Ideia é permitir horários móveis de trabalho, para ajustar as equipes às flutuações de consumidores
Segundo entidades, legislação atual foi criada para a indústria, e mudança beneficia jovens e aposentados
CLAUDIA ROLLI
DE SÃO PAULO
Um grupo de 15 entidades de varejo e serviços (incluindo bares, restaurantes e franquias) discute com o governo a criação de uma jornada móvel. A ideia é criar uma cota “flex”, em que os horários de trabalho atenderiam à flutuação de clientes.
Aposentados, trabalhadores da terceira idade, jovens e estudantes poderiam trabalhar, por exemplo, de quinta-feira a domingo, ou apenas duas vezes por semana, conforme suas possibilidades e e segundo a demanda do estabelecimento ou loja.
Para os empresários desses segmentos, as regras trabalhistas atualmente em vigor atendem uma economia voltada para o setor industrial desde a criação da CLT, na década de 40, e precisam ser modernizadas.
A legislação prevê jornada de 44 horas semanais com oito horas diárias e limite de duas extras por dia. Pode ser alterada se houver acordo coletivo negociado com sindicatos. A lei que regulamentou a profissão do comerciário, de 2013, permite jornada de seis horas diárias em turnos de revezamento.
“Com a jornada atual, o varejo tem quadro de funcionários maior do que precisa em alguns momentos e menor do que o necessário em outros”, diz o consultor Eduardo Terra, que preside a SBVC (Sociedade Brasileira de Varejo e Consumo), entidade com executivos, empresários e especialistas do setor.
As conversas com o governo começaram em maio, mas se intensificaram num momento em que a queda da atividade econômica começa a afetar também o varejo e o serviço, antes ainda resistentes ao aumento de demissões.
Segundo Adriana Flosi, vice-presidente da Federação das Associações Comerciais de SP (Facesp), a mudança beneficiaria também os trabalhadores de várias idades.
Ao menos 1 milhão de jovens abandonam o estudo por ano, segundo o MEC, porque não conseguem ir à escola e trabalhar ou porque não têm renda (trabalho) para manter os estudos, cita ela.

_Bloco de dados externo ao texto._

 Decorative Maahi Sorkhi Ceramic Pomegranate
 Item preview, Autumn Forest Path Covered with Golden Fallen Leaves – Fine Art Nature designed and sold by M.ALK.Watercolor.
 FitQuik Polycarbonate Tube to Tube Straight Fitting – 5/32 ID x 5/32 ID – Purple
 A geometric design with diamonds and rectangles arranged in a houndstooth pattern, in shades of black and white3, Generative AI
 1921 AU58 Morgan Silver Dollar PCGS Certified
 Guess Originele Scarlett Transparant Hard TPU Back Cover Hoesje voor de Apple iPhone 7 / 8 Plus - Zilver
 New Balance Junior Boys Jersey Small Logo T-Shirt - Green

“Um aposentado pode não ter energia para trabalhar oito horas por dia, mas ter para duas. E um jovem pode querer trabalhar só aos finais de semana”, diz a executiva.
“Ninguém quer retirar direitos do trabalhador. A ideia é permitir formas menos engessadas de contratação.”

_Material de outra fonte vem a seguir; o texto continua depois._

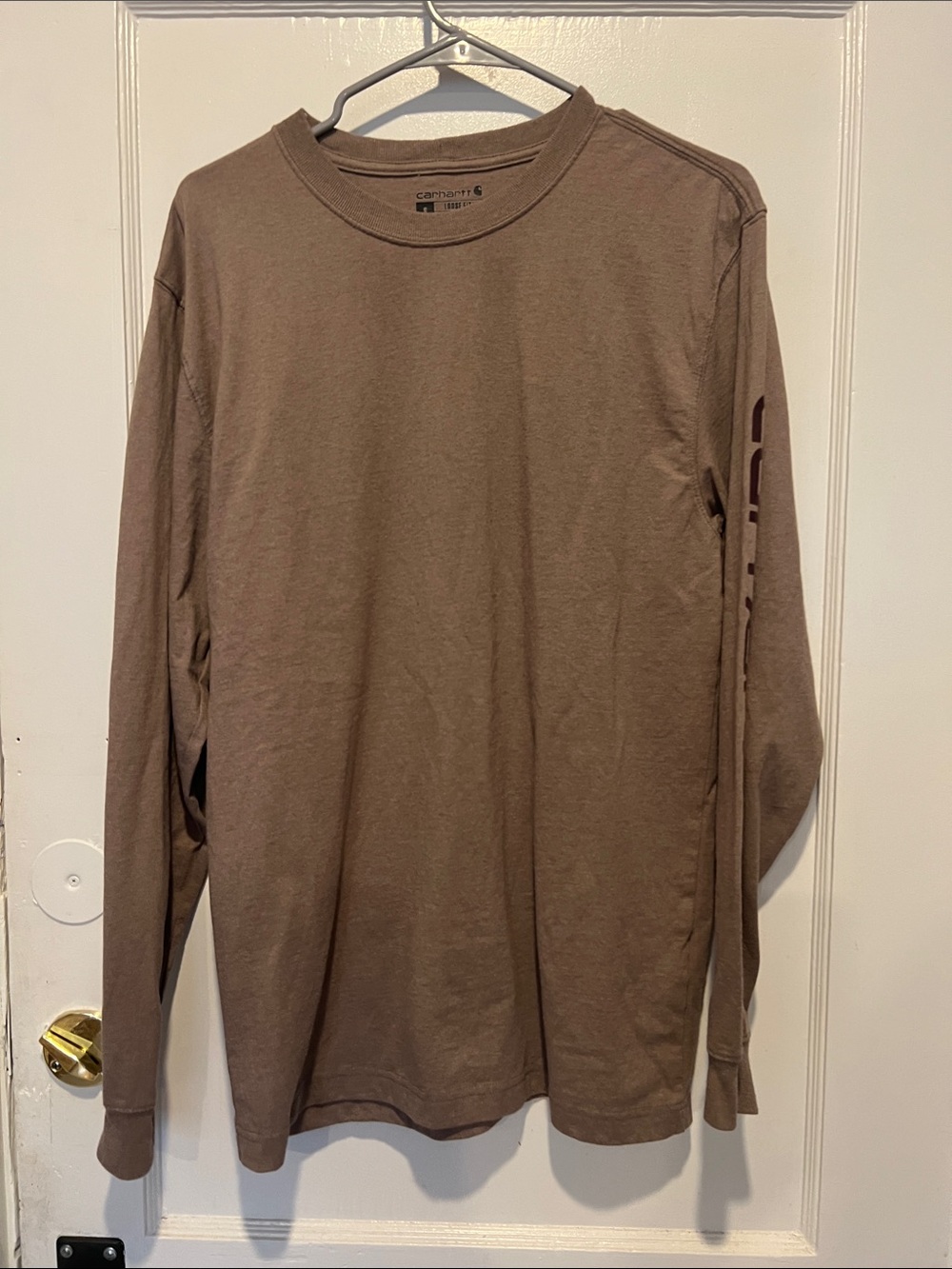 Carhartt Men's Long Sleeve Crewneck Shirt - Brown Taupe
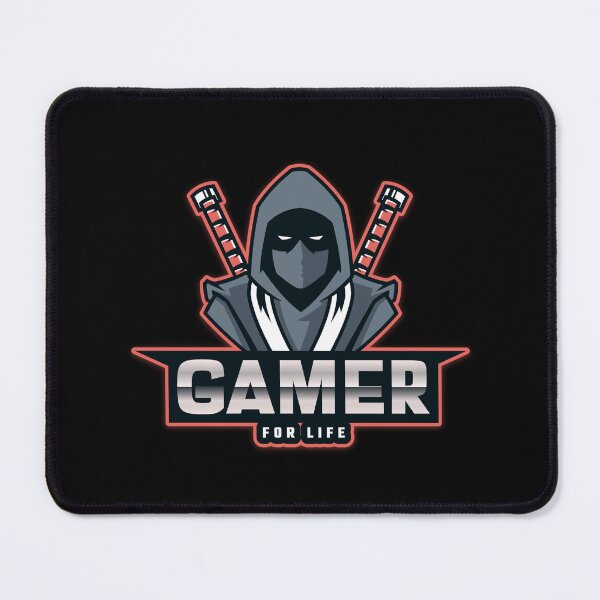Item preview, Gamer for Life with Hooded Ninja designed and sold by PRIVARSHU.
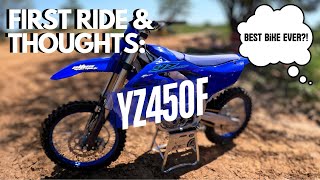 First Ride on the 2024 YZ450F [upl. by Guglielma]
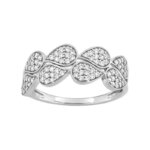 Bague Femme Or blanc 750/1000 et Oxydes de zirconium ROBBEZ MASSON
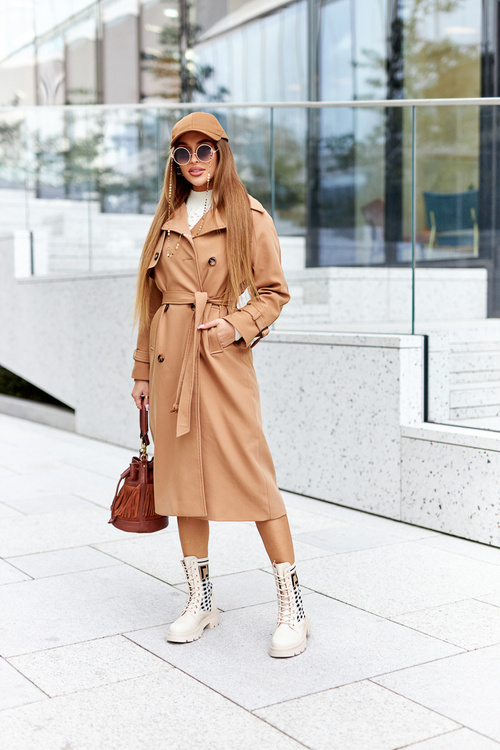 Чоботи на еластичній тканині Бежеві Love Story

Para compensar a jornada menor, uma das ideias pode ser valorizar a hora trabalhada dos que atuarem no esquema móvel de contratação.
ONDE EXISTE
Na loja de lingerie da Victoria’s Secret, em NY, parte das funcionárias trabalha de forma flex. No cadastro da rede constam 200 vendedoras que são acionadas segundo sua disponibilidade para trabalhar, já informada à empresa previamente, cita o consultor e presidente da SBVC.
O grupo de supermercados Walmart também contrata, nos EUA, pessoas acima de 55 anos como repositores de prateleira nos horários “barriga”, de menos clientes. “São grupos com jornadas móveis e muitos trabalham para complementar a renda”, diz Ivo Dall’Acqua Junior, vice-presidente da FecomercioSP.
O setor de bares e restaurantes, com 6 milhões de empregados com e sem carteira, estima que a geração de 2 milhões de vagas com a adoção da jornada móvel. Paulo Solmucci Júnior, presidente da Abrasel, associação do setor, diz que o cálculo considera que 45% das vagas com jornada de 25 horas semanais.
Em momentos de instabilidade econômica, medidas como a da jornada móvel ou flexível, termo quase não usado pelo setor por causa da resistência dos sindicatos também pode evitar demissões e manter os empregos, avalia Dall’Acqua Junior.
O varejo representa 22% do PIB e emprega 20% dos trabalhadores do Brasil.